##### DATA TO EXAMINE
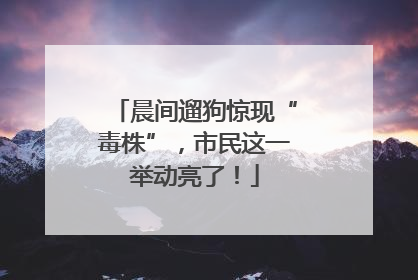 晨间遛狗惊现“毒株”，市民这一举动亮了！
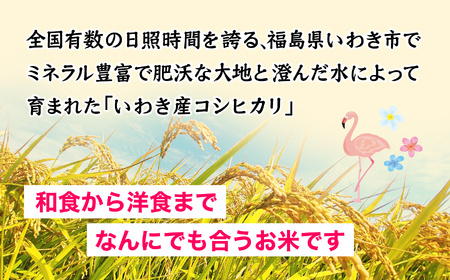 Iwaki Laiki いわき産コシヒカリ5kg(5kg*1袋)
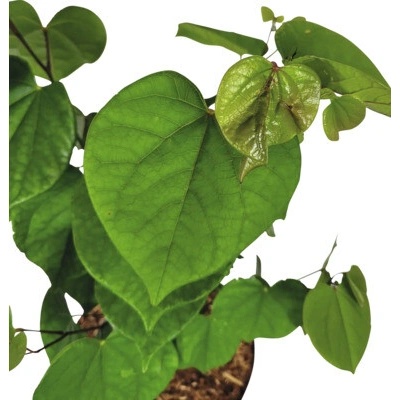 Judášovec čínsky Cercis chinensis 'Avondale' 40-60 cm kvetináč 5 l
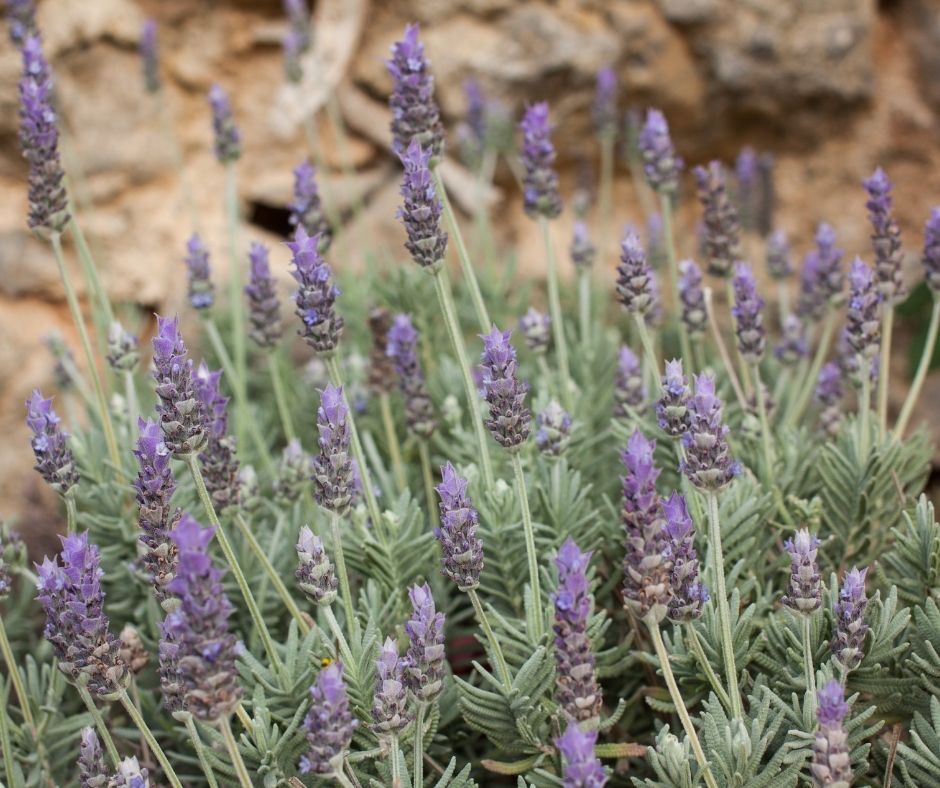 Lavender ‘French’ - Large - Ladybird Nursery
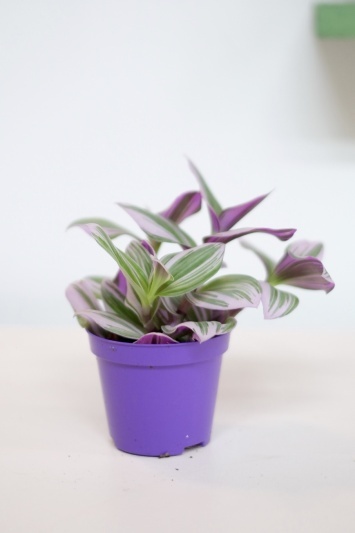 Tradescantia Nanouk - Img 2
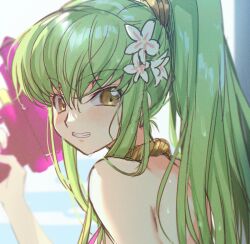 Rule 34 | 1girl, bare back, bare shoulders, blush, breasts, brown hairband, c.c., cleavage, clenched teeth, code geass, creayus, flower, green hair, gun, hairband, holding, holding gun, holding weapon, long bangs, long hair, looking at viewer, ponytail, simple background, small breasts, solo, teeth, water drop, weapon, white flower, yellow eyes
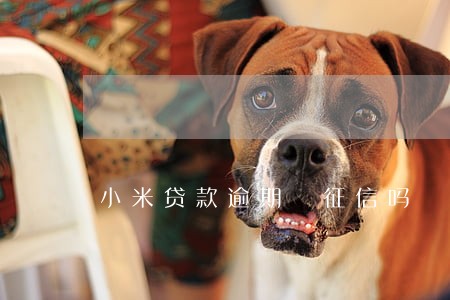 小米贷款逾期 征信吗 小米贷款逾期 征信吗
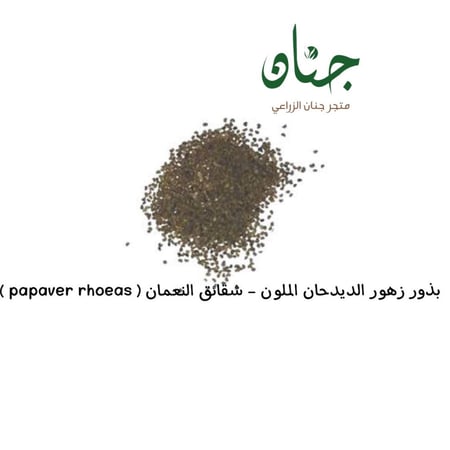 بذور زهور الديدحان الملون شقائق النعمان  papaver rhoeas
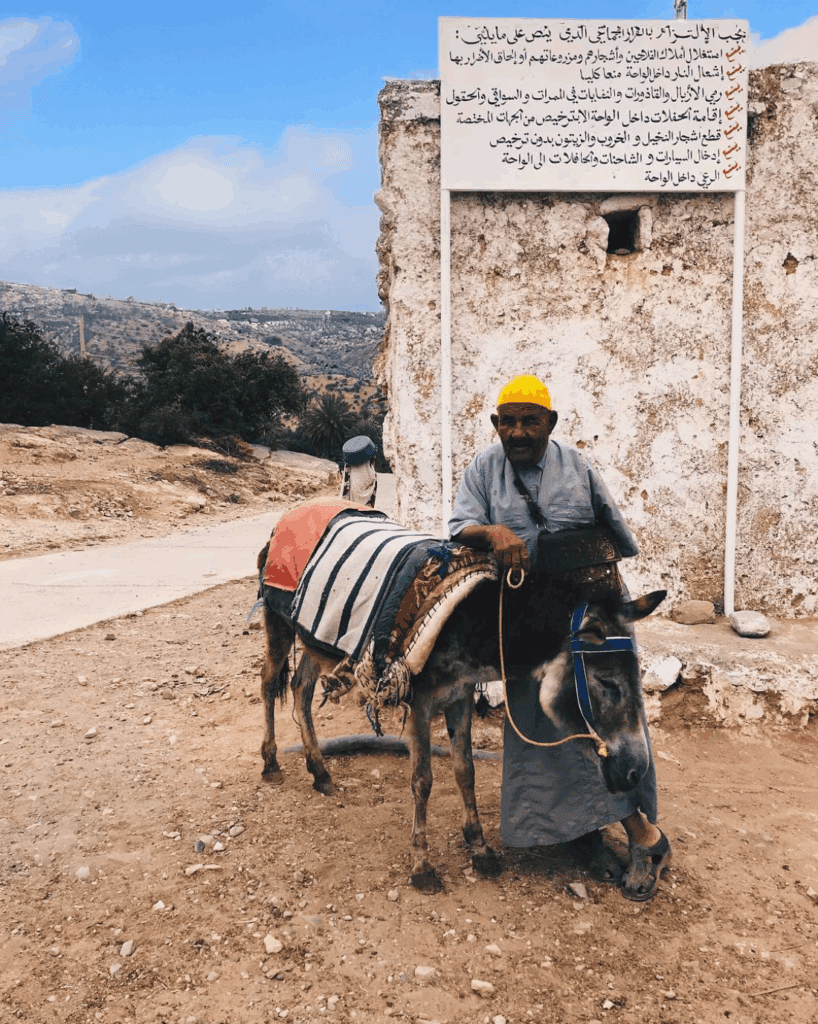 randonnée dans la montagne
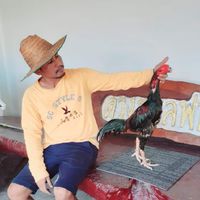 แบ่งปันไก่ชนทุกสายพันธุ์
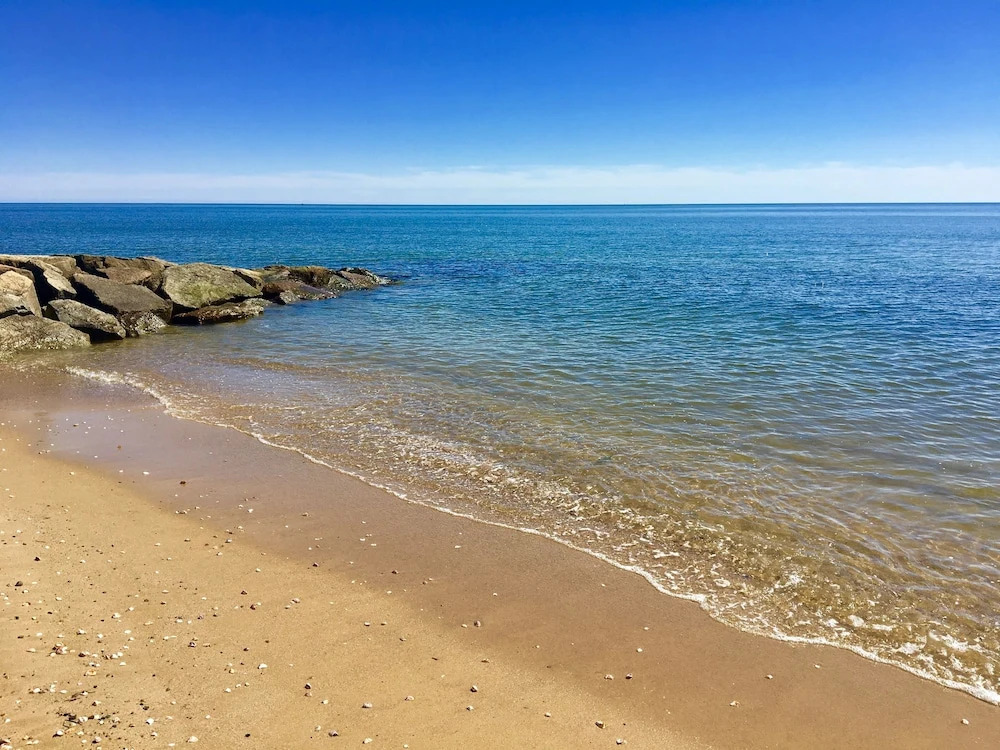 Kingfisher Oceanside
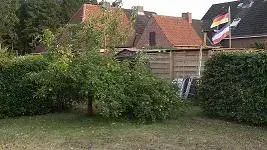 hinten_links.webp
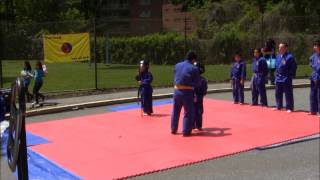 Vovinam Demo at Long Branch Community Center [upl. by Ogden]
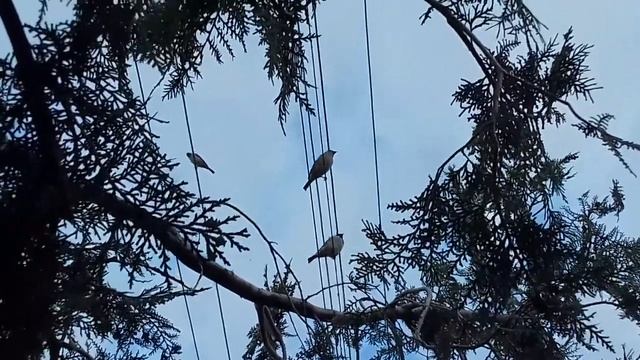 домовой воробей Гутор Галина смотреть онлайн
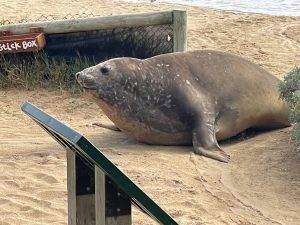 southern elephant seal at Blairgowrie Vic Aust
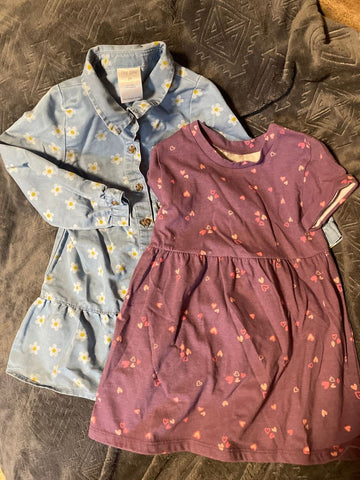 Okie Dokie Daisy Jean and Purple Heart with tiny white spot Dresses 2T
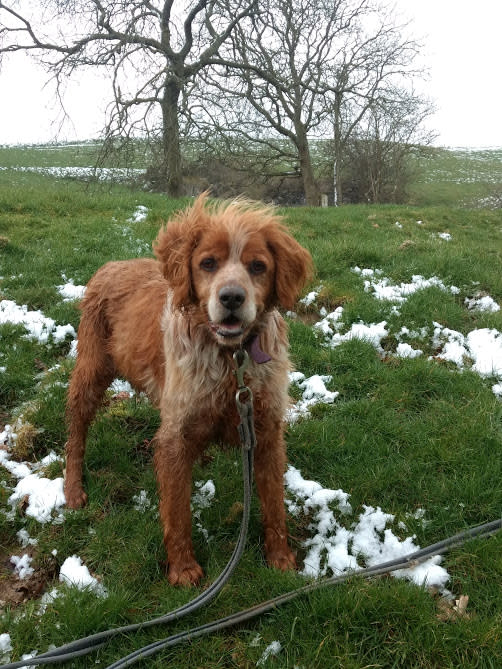 GENTIL - epagneul breton 9 ans (5 ans de refuge) - Refuge d'Etretat (76) E0bcec0e-7542-4c68-a705-bb4b7782a997_f0c64d95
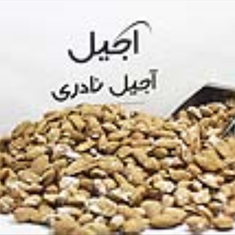 بادام-منقا-خارجی-یک-پوست-1-کیلویی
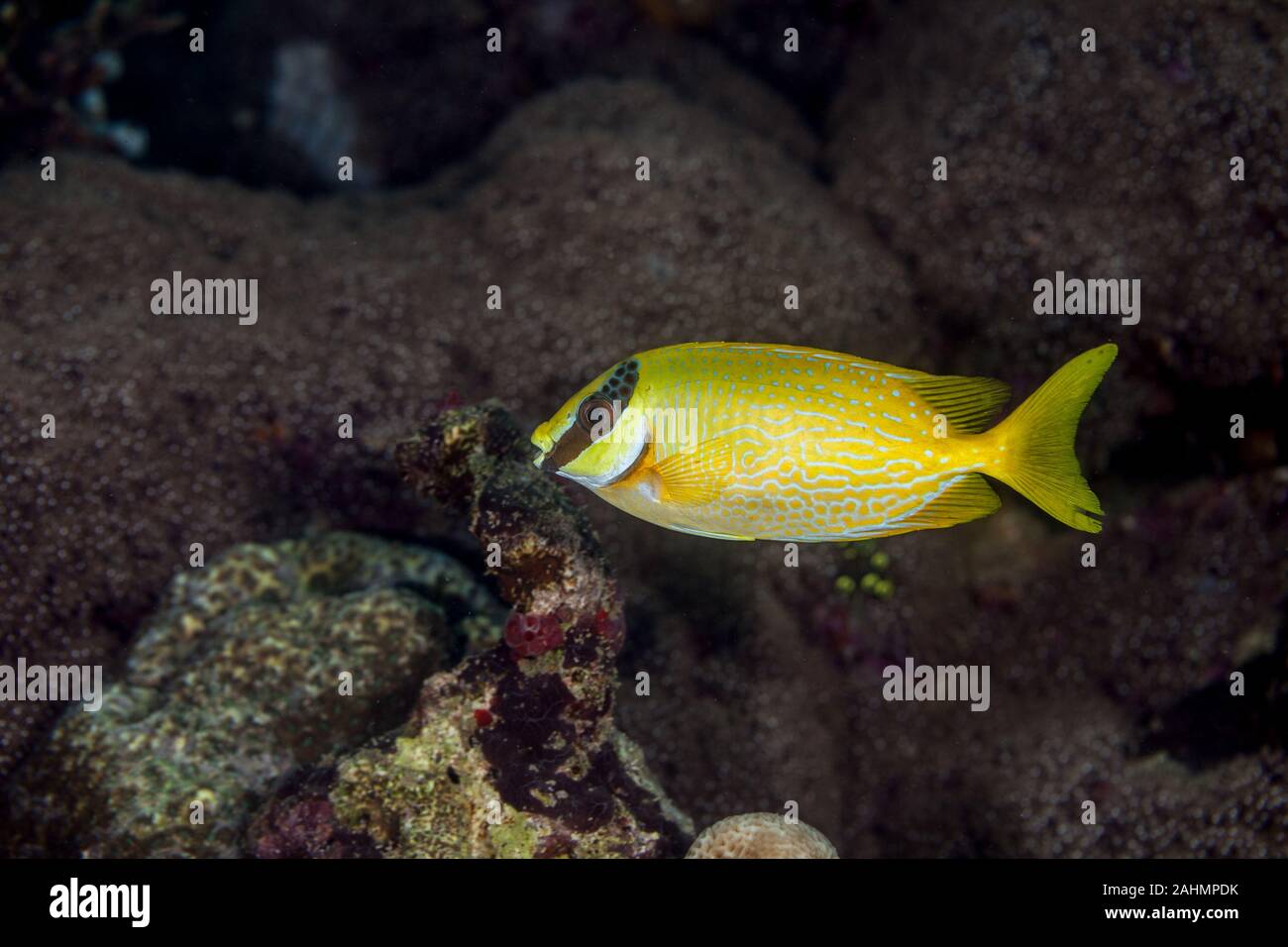 Masked spinefoot, Siganus puellus, also known as decorated rabbitfish or masked rabbitfish Stock Photo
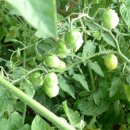 스위트드림빌 이미지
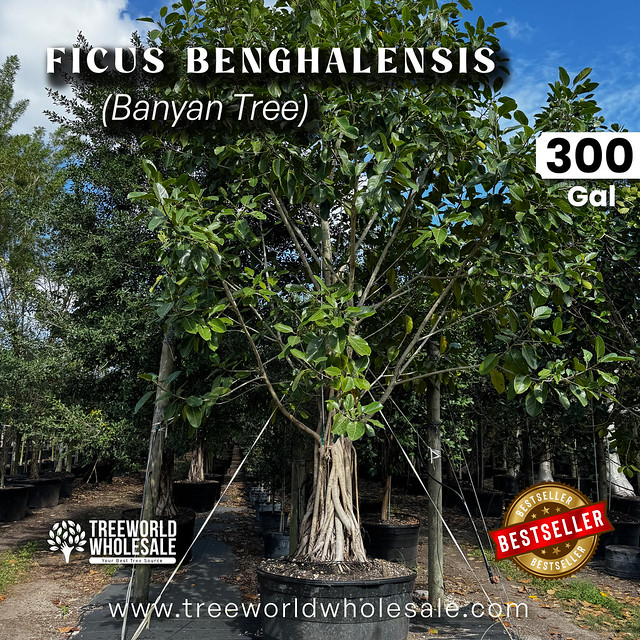 Ficus benghalensis - 300 gal - 2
##########
**ABOUT THIS TASK**
Excluding images, output exactly the lines from the one that holds "Masked spinefoot, Siganus" through the final line of the material, both ends included.

**WRITTEN ANSWER**
 Masked spinefoot, Siganus puellus, also known as decorated rabbitfish or masked rabbitfish Stock Photo
 스위트드림빌 이미지
 Ficus benghalensis - 300 gal - 2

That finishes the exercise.